This work addresses the high computational cost of traditional adaptive finite element methods when solving partial differential equations featuring singularities, steep gradients, discontinuities, or moving sources, which often require frequent mesh reconfiguration and handling of non-conforming interfaces. The authors propose a non-conforming multilevel hp-refinement approach that superimposes local overlay meshes—freely insertable, translatable, or removable—onto a fixed background grid. The global solution is constructed by summing approximation spaces across all levels, with homogeneous constraints enforced on artificial overlay boundaries to ensure C⁰ continuity. This method eliminates the need for mesh alignment, substantially reduces inter-level coupling complexity, reuses standard element routines, and maintains exponential convergence for problems with discontinuities, singularities, or moving sources. It achieves accuracy comparable to conforming methods with fewer degrees of freedom, yielding a superior error-to-cost ratio.
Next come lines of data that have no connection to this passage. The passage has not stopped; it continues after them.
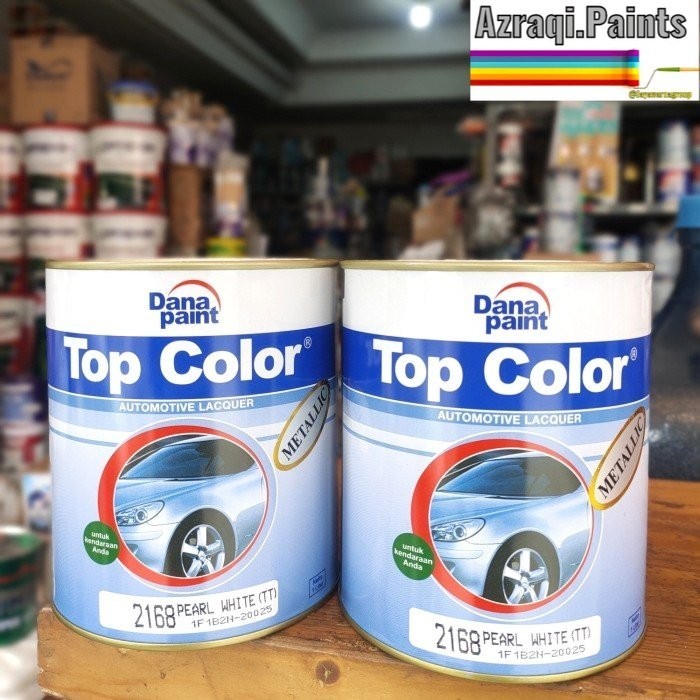 TOP COLOR DANA PAINT  PEARL WHITE TT METALLIC 2168 ( 1,5 KG )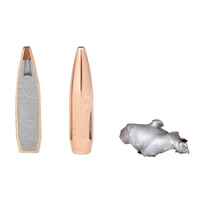 Hornady bullet .308 168 gr. BTHP 100 rounds, Hornady
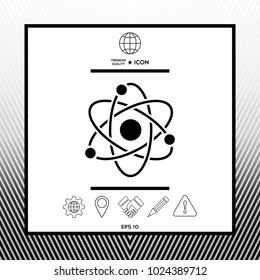 Atom symbol - science icon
Localized features such as singularities, sharp gradients, discontinuities, and moving sources require adaptive finite element discretizations. Conventional refinement strategies introduce significant computational overhead through mesh-topology modifications, constraint handling for non-matching interfaces, and repeated remeshing with state transfer. This work presents an unfitted multi-level hp-refinement strategy that enriches a fixed base discretization by independently positioned overlay meshes. The global approximation space is constructed by superposition of the active spaces across all refinement levels, while homogeneous constraints on artificial overlay boundaries ensure global $C^0$ continuity. Coupling between non-matching meshes is assembled over admissible integration regions defined by intersections of element partitions, enabling reuse of standard element-level finite element routines within a lightweight superposition framework. In contrast to fitted multi-level approaches, overlay boundaries are not required to align with underlying mesh interfaces. This reduces inter-level coupling and allows refinement zones to be inserted, translated, and removed without modifying the base discretization. Numerical studies for discontinuous and singular benchmark problems, as well as a moving source, demonstrate the performance of the method. The unfitted approach retains exponential convergence for non-smooth problems and achieves improved error-to-cost ratios compared to fitted multi-level hp-refinement. For representative cases, comparable accuracy is obtained with substantially fewer degrees of freedom, while localized high-order refinement accurately tracks moving features.